[PATCH v4 5/5] KVM: selftests: Add nested page fault injection test
From: Sean Christopherson
Date: Fri May 22 2026 - 19:29:15 EST
From: Kevin Cheng <chengkev@xxxxxxxxxx>
Add a test that exercises nested page fault injection during L2
execution. L2 executes I/O string instructions (OUTSB/INSB) that access
memory restricted in L1's nested page tables (NPT/EPT), triggering a
nested page fault that L0 must inject to L1.
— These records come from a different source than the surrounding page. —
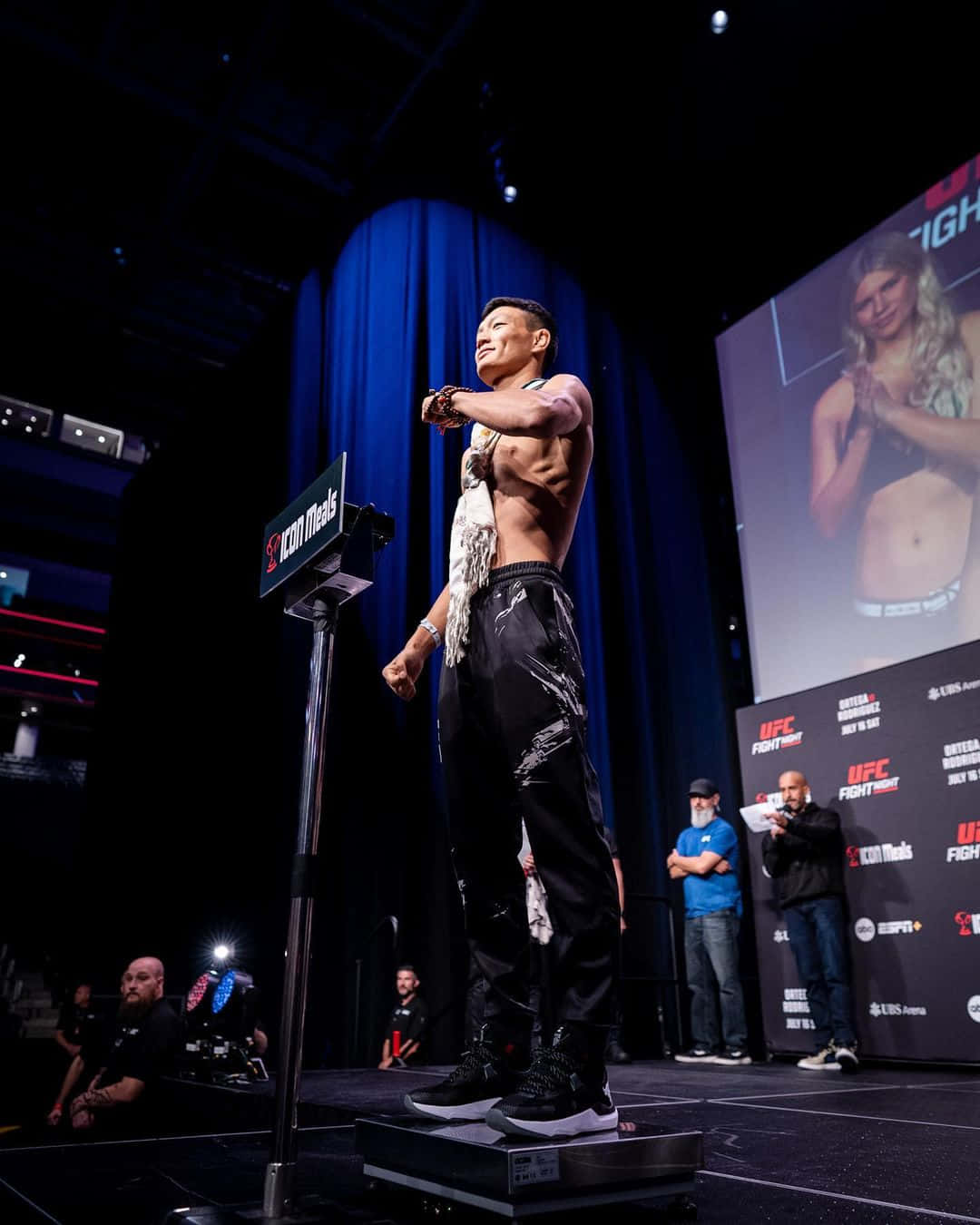 UFC拳手在稱重活動中站在體重磅上，屏幕顯示對手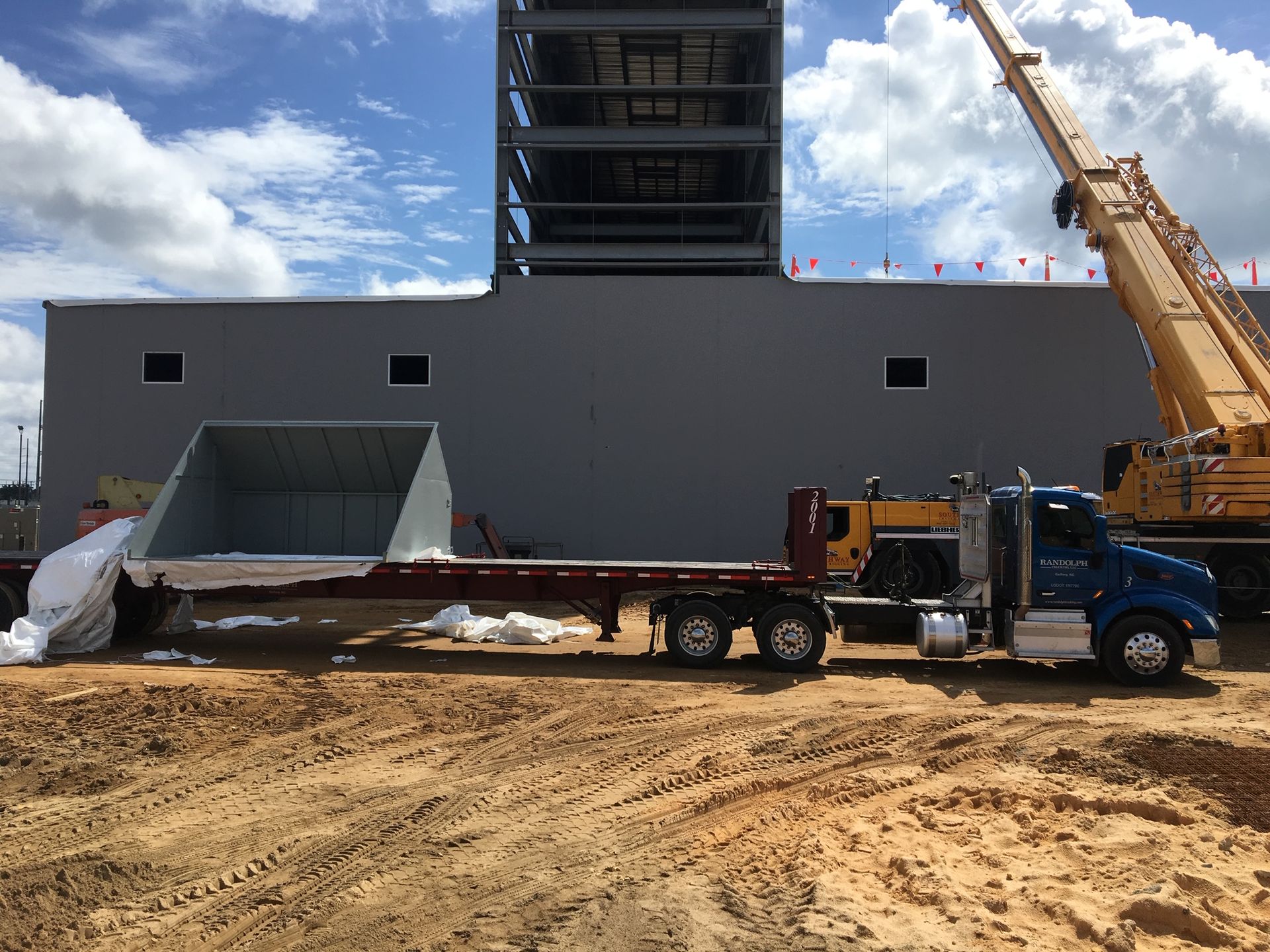 Blue and white dump truck parked on grass under a cloudy sky.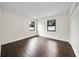 Simple bedroom with dark hardwood floors and double closets at 1523 N Beach St, Ormond Beach, FL 32174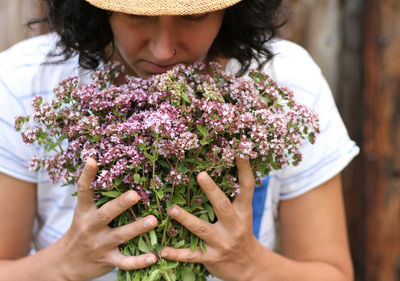 Midsection of woman holding purple flowering plant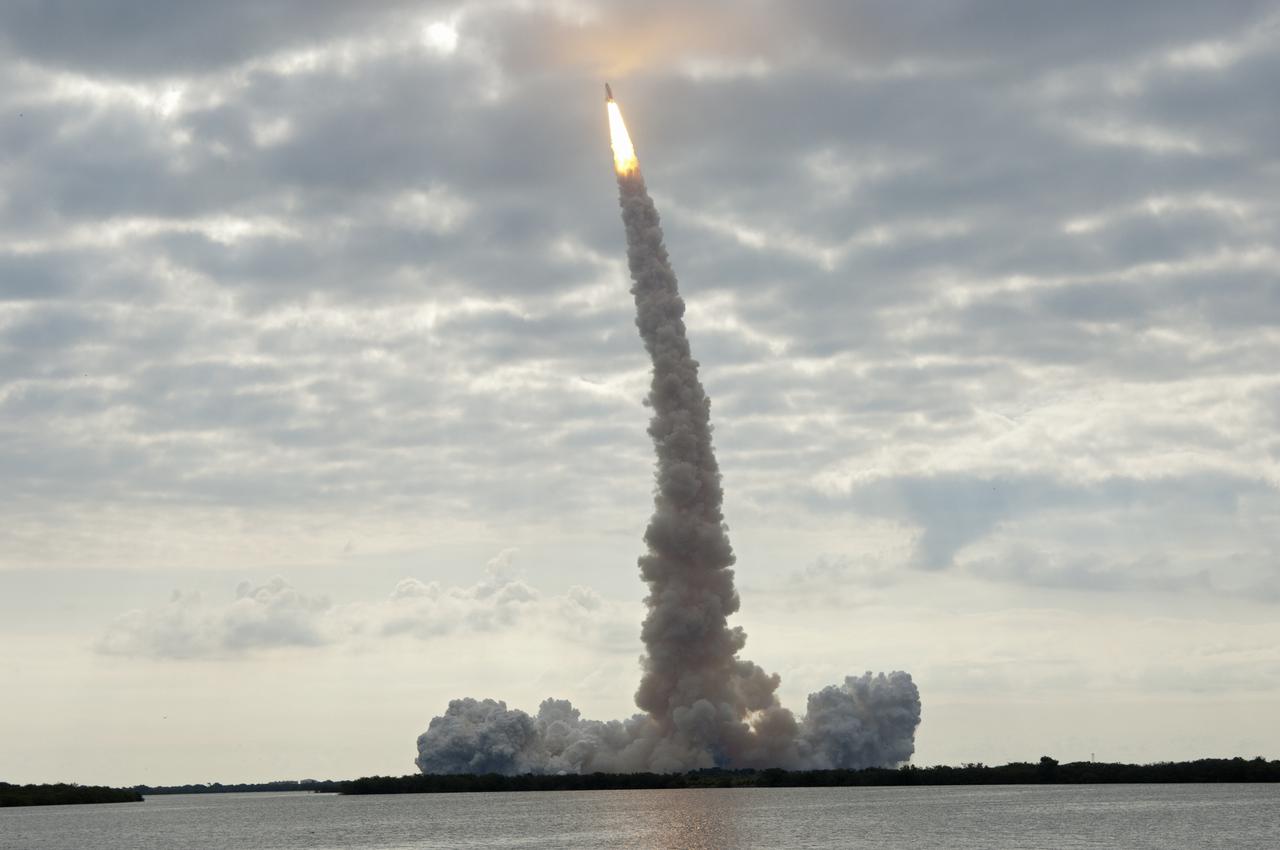 CAPE CANAVERAL, Fla. - Seen from across the Banana River Creek Viewing Site near the Saturn V Center, space shuttle Endeavour soars skyward. The shuttle lifted off on its STS-134 mission to the International Space Station on time at 8:56 a.m. EDT on May 16 from Launch Pad 39A at NASA's Kennedy Space Center in Florida. The shuttle and its six-member crew are embarking on a mission to deliver the Alpha Magnetic Spectrometer-2 (AMS), Express Logistics Carrier-3, a high-pressure gas tank and additional spare parts for the Dextre robotic helper to the space station. Endeavour's first launch attempt on April 29 was scrubbed because of an issue associated with a faulty power distribution box called the aft load control assembly-2 (ALCA-2). For more information, visit www.nasa.gov_mission_pages_shuttle_shuttlemissions_sts134_index.html. Photo credit: NASA_Chad Baumer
The test supports both AMD SVM (NPF) and Intel VMX (EPT violation) and
verifies that:
- The exit reason is an NPF/EPT violation
- The access type and permission bits are correct
- The faulting GPA is correct
Three test cases are implemented:
- Unmap the final data page (final translation fault, OUTSB read)
- Unmap a PT page (page walk fault, OUTSB read)
- Write-protect the final data page (protection violation, INSB write)
- Write-protect a PT page (protection violation on A/D update, OUTSB
read)
Signed-off-by: Kevin Cheng <chengkev@xxxxxxxxxx>
[sean: name it nested_tdp_fault_test, consolidate asserts]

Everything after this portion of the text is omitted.